Brief
Reproduce verbatim the line containing "Used Hima AITO" and every line that follows it through the end of the entries below, omitting all pictures.

Records drawn from a dataset
((

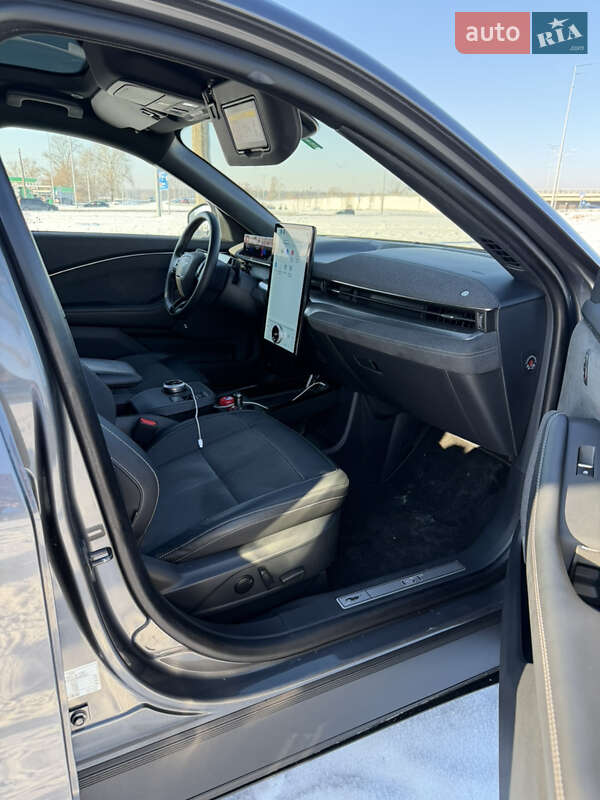 Внедорожник / Кроссовер Ford Mustang Mach-E 2023 в Киеве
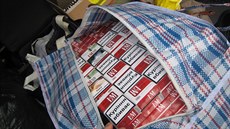 Cigarety s ukrajinskými nápisy, které objevili celníci v nákupní tace.
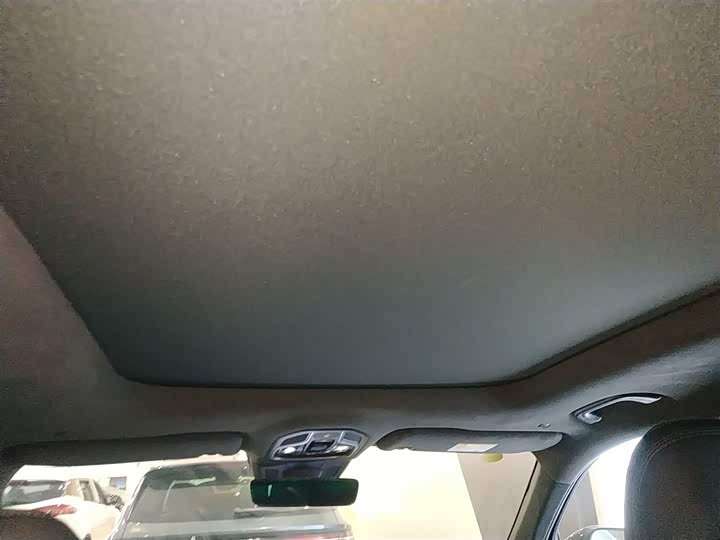 Фото 18 - Geely Monjaro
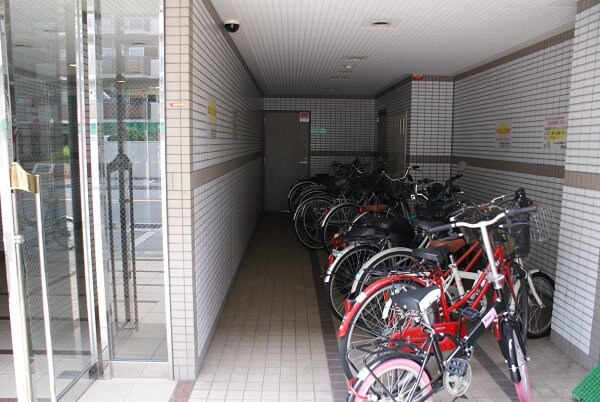 建物設備(駐輪場・エントランス)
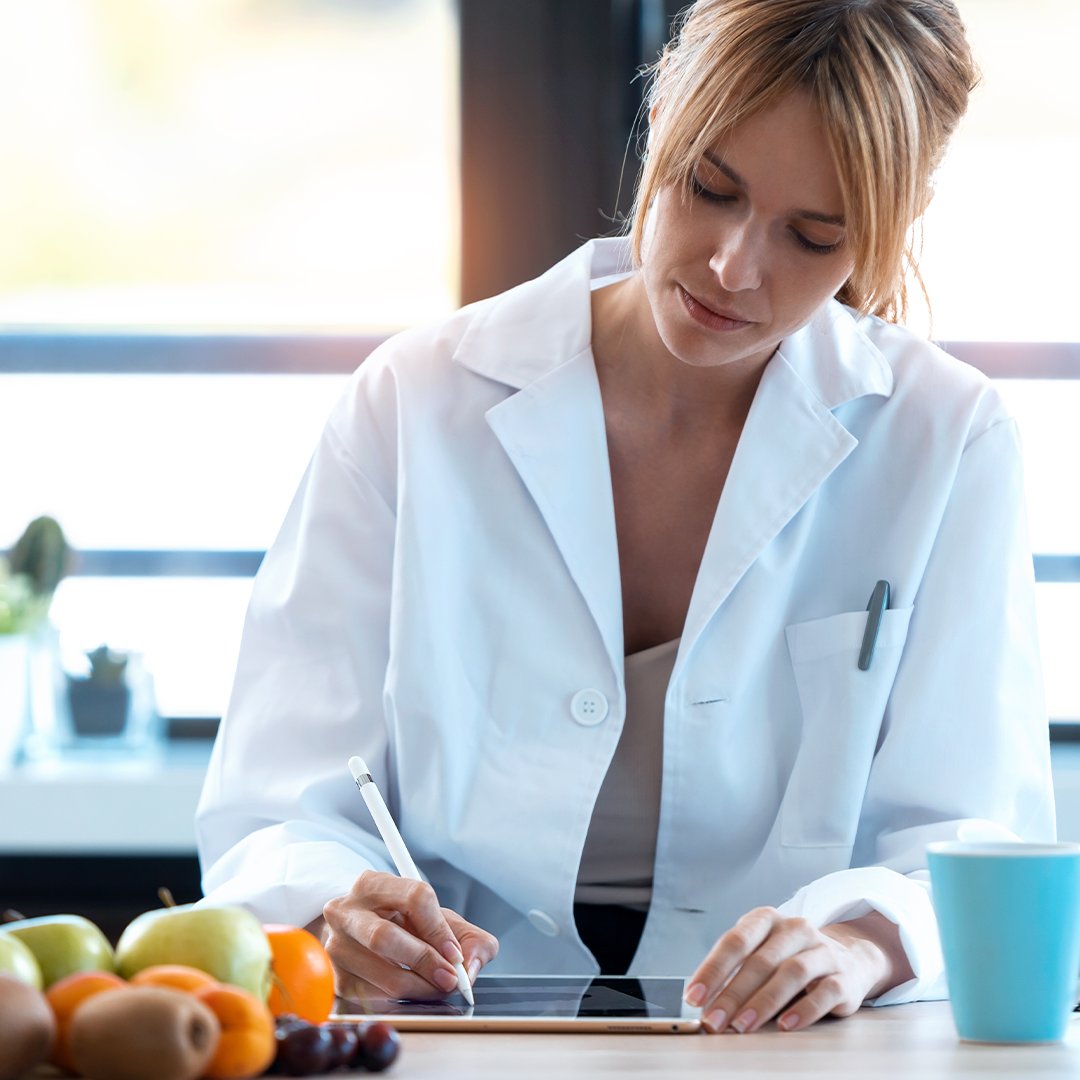 Earn your Clinical and Lifestyle Nutrition (MS) degree through 100% remote learning, small class sizes and one-on-one support. We're proud of our wellness-focused curriculum — work towards becoming a Registered Dietitian Nutritionist! rosalindfranklin.edu/academics/coll…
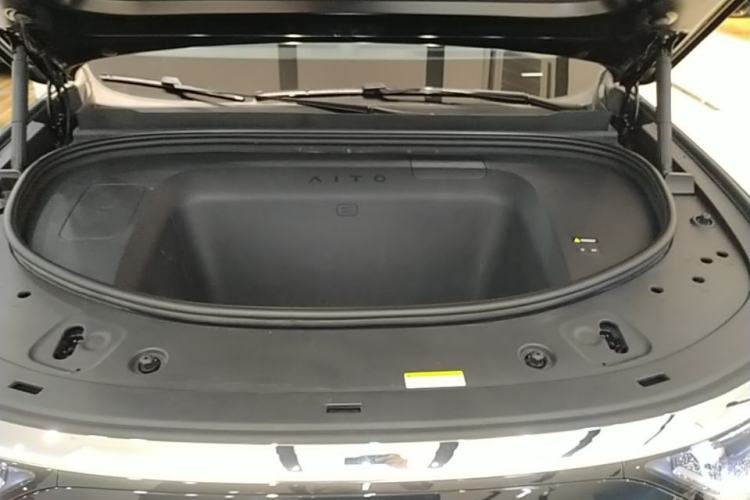 Used Hima AITO M8 2025 Model Pure Electric Max+ Six-Seat Four-Wheel-Drive Version Engine Bay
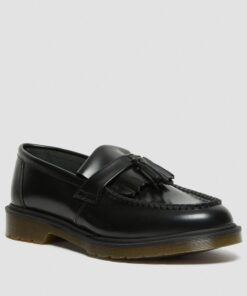 Лоферы Dr. Martens Adrian Tassel Black Polished Smooth 24369001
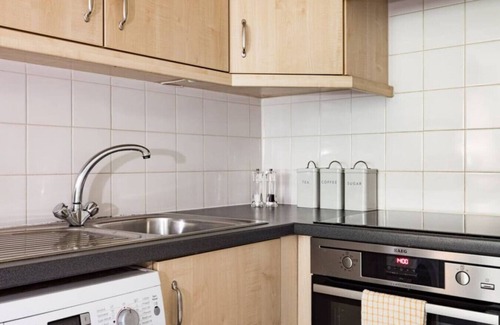 Cathedrals Apartment | 1-Bed Flat in Vibrant Lambeth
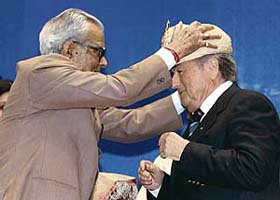 Indian Vice-President Bhairon Singh Shekhawat presents a gold turban to FIFA president Sepp Blatter during the 70th anniversary celebrations of the All-India Football Federation in New Delhi
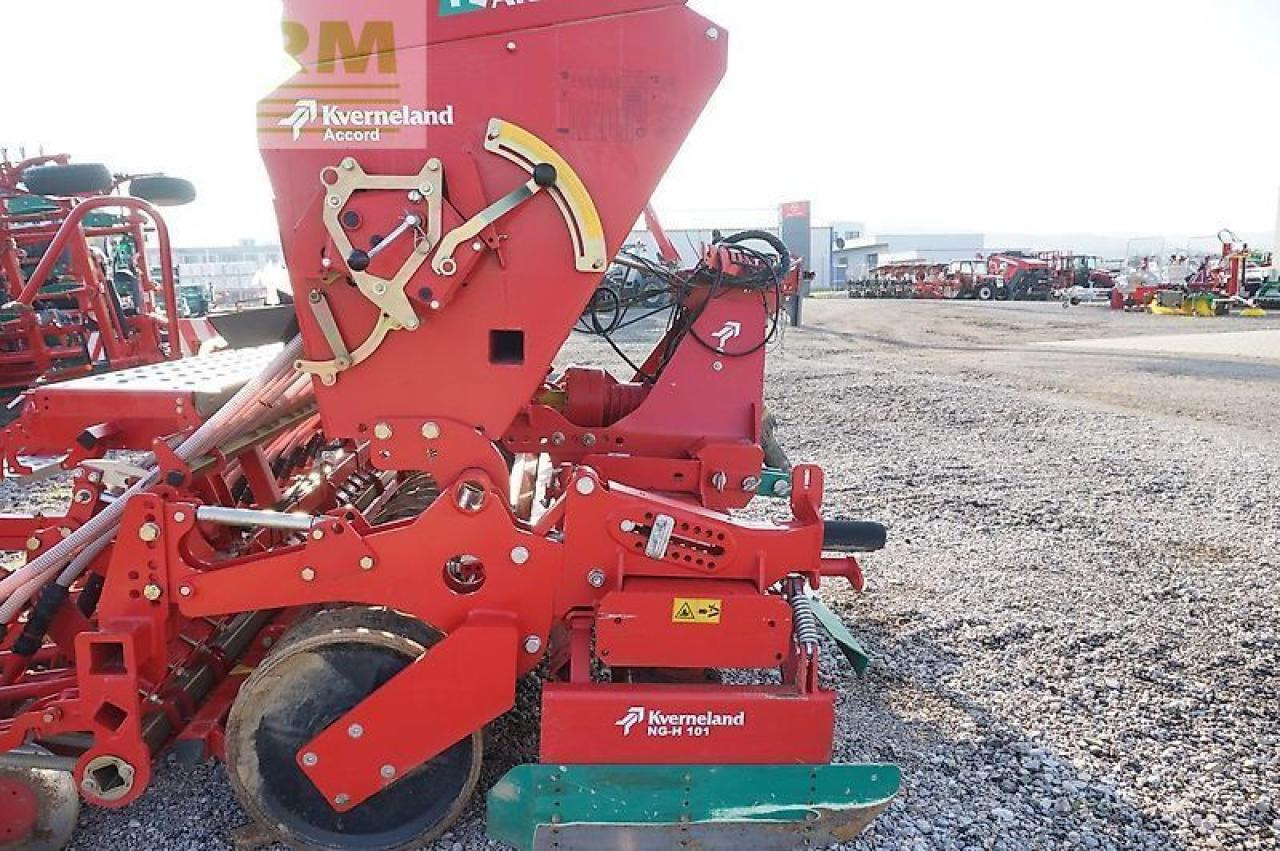 Kverneland ngh + mcdrill pro 3m - Kylvökone: kuva Kverneland ngh + mcdrill pro 3m - Kylvökone Kverneland ngh + mcdrill pro 3m - Kylvökone: kuva Kverneland ngh + mcdrill pro 3m - Kylvökone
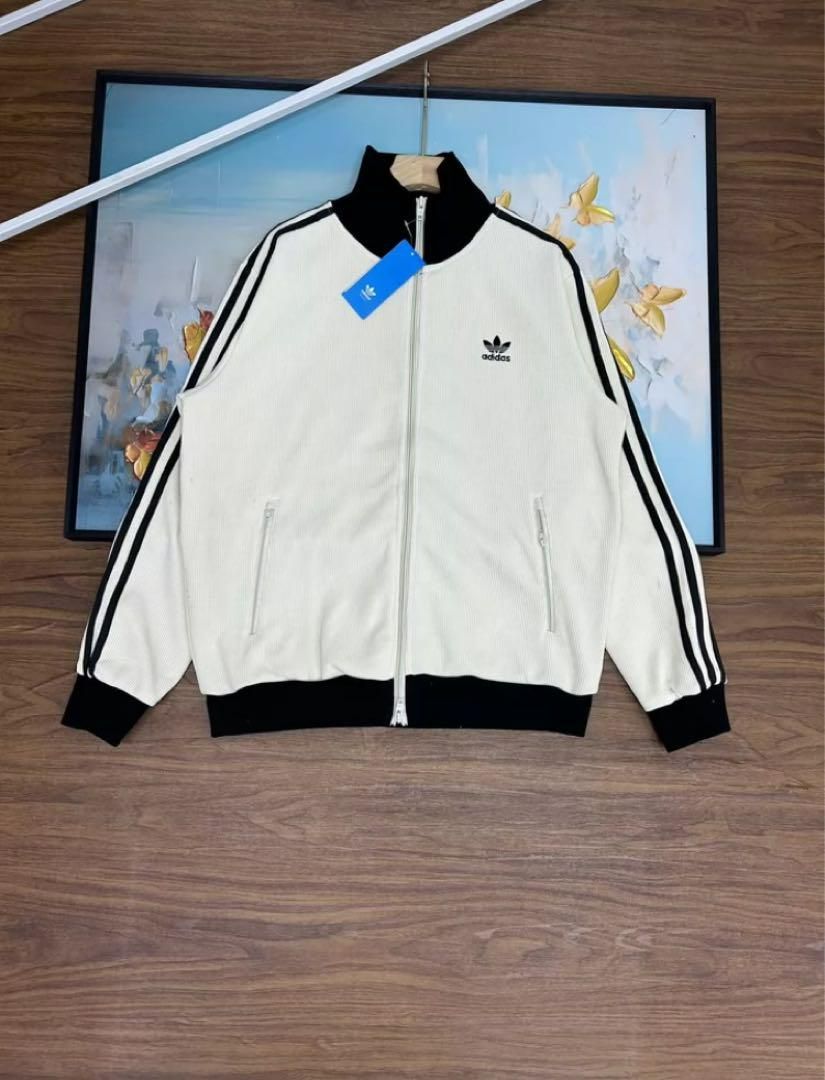 adidas ワッフル トラックトップス ワンダーホワイト ブラック -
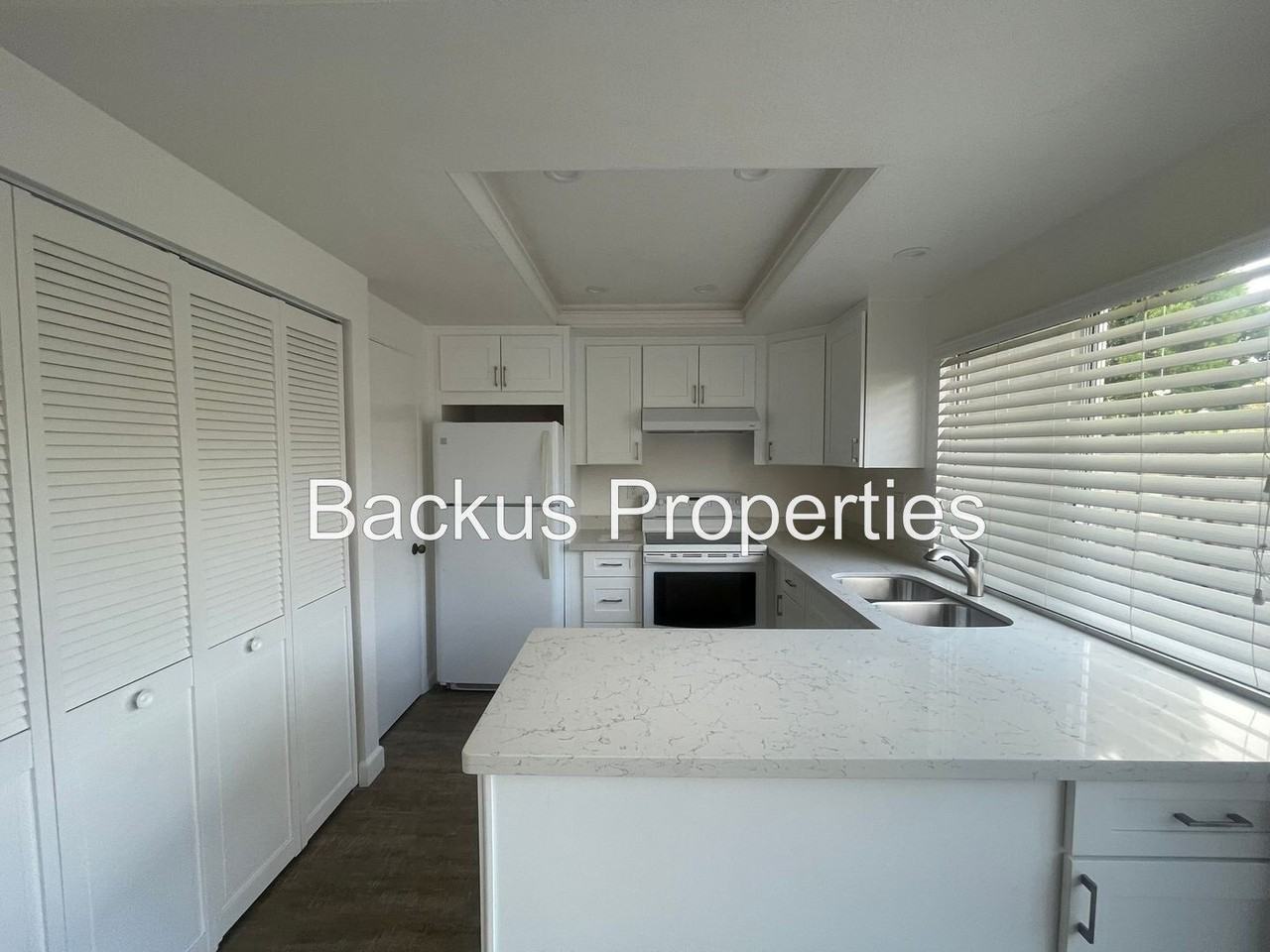 19120 Creekside Pl - Photo 5 of 20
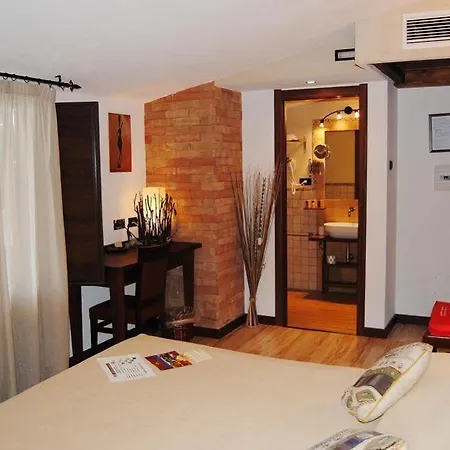 Rocca Della Sena 4* Тропея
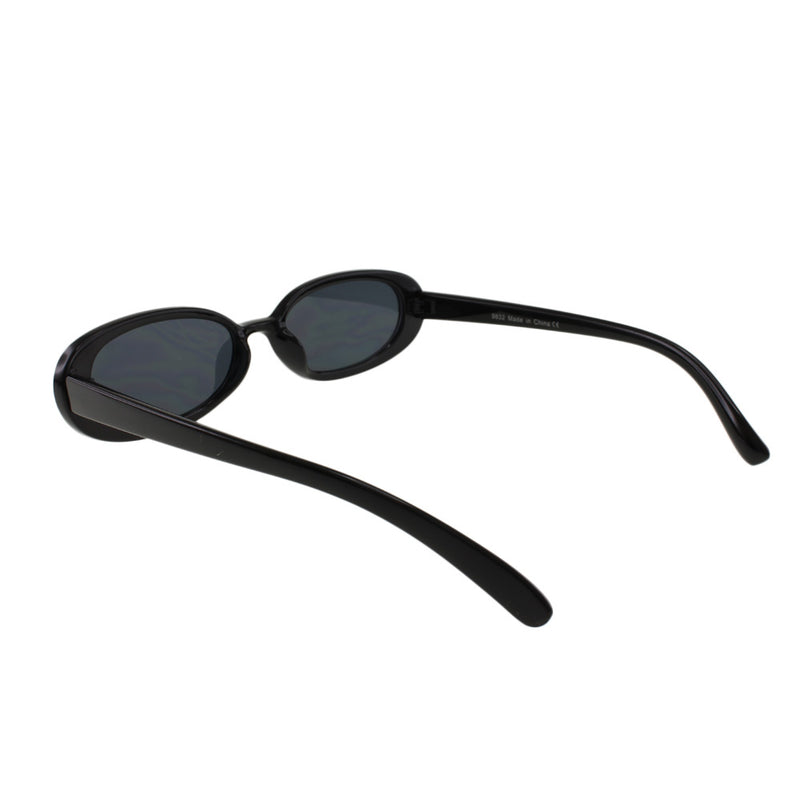 MQ Blair Sunglasses in Black / Smoke
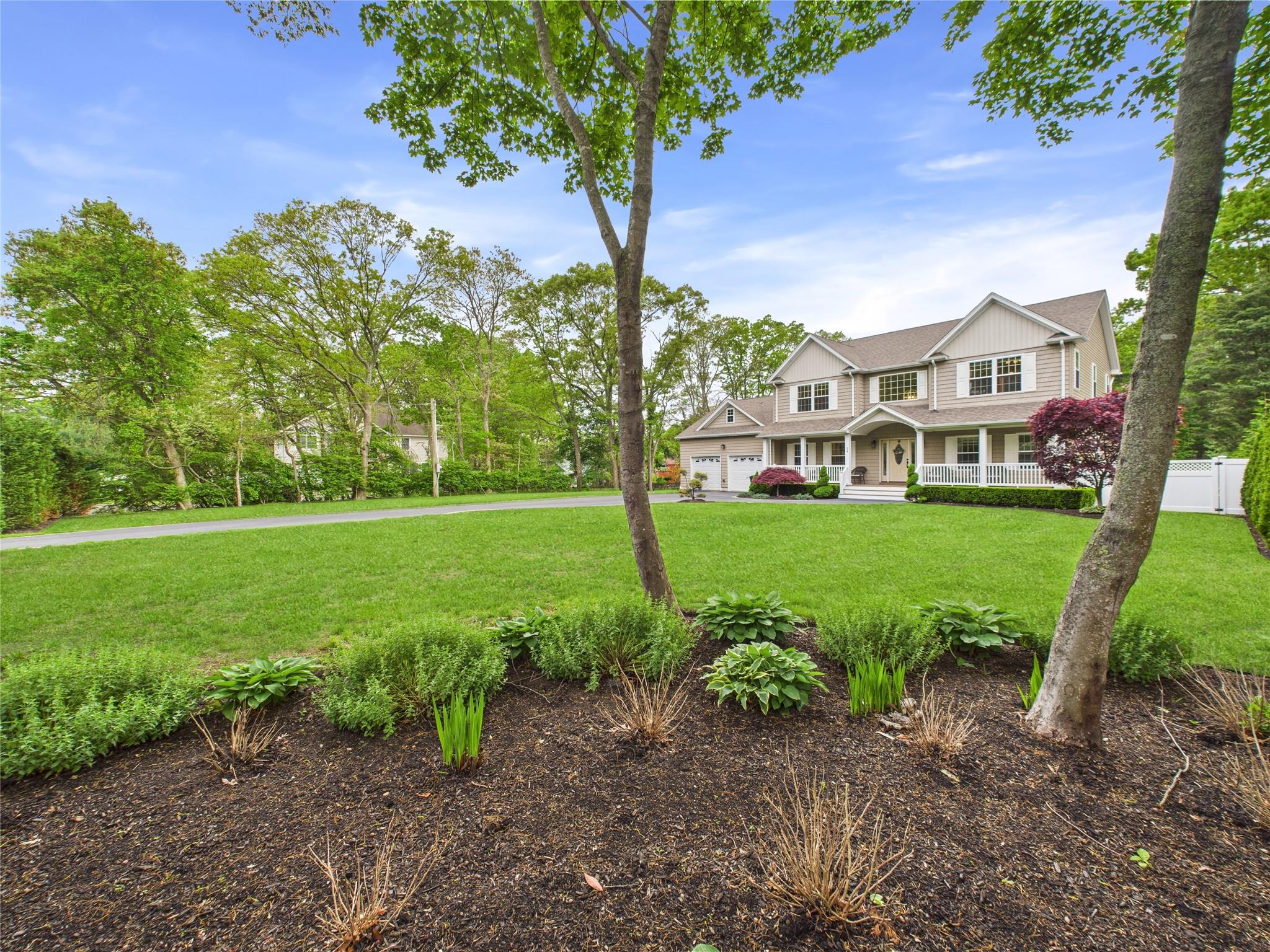 74 Buckley Road, Patchogue, New York image 3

))

Answer below
 Used Hima AITO M8 2025 Model Pure Electric Max+ Six-Seat Four-Wheel-Drive Version Engine Bay
 Лоферы Dr. Martens Adrian Tassel Black Polished Smooth 24369001
 Cathedrals Apartment | 1-Bed Flat in Vibrant Lambeth
 Indian Vice-President Bhairon Singh Shekhawat presents a gold turban to FIFA president Sepp Blatter during the 70th anniversary celebrations of the All-India Football Federation in New Delhi
 Kverneland ngh + mcdrill pro 3m - Kylvökone: kuva Kverneland ngh + mcdrill pro 3m - Kylvökone Kverneland ngh + mcdrill pro 3m - Kylvökone: kuva Kverneland ngh + mcdrill pro 3m - Kylvökone
 adidas ワッフル トラックトップス ワンダーホワイト ブラック -
 19120 Creekside Pl - Photo 5 of 20
 Rocca Della Sena 4* Тропея
 MQ Blair Sunglasses in Black / Smoke
 74 Buckley Road, Patchogue, New York image 3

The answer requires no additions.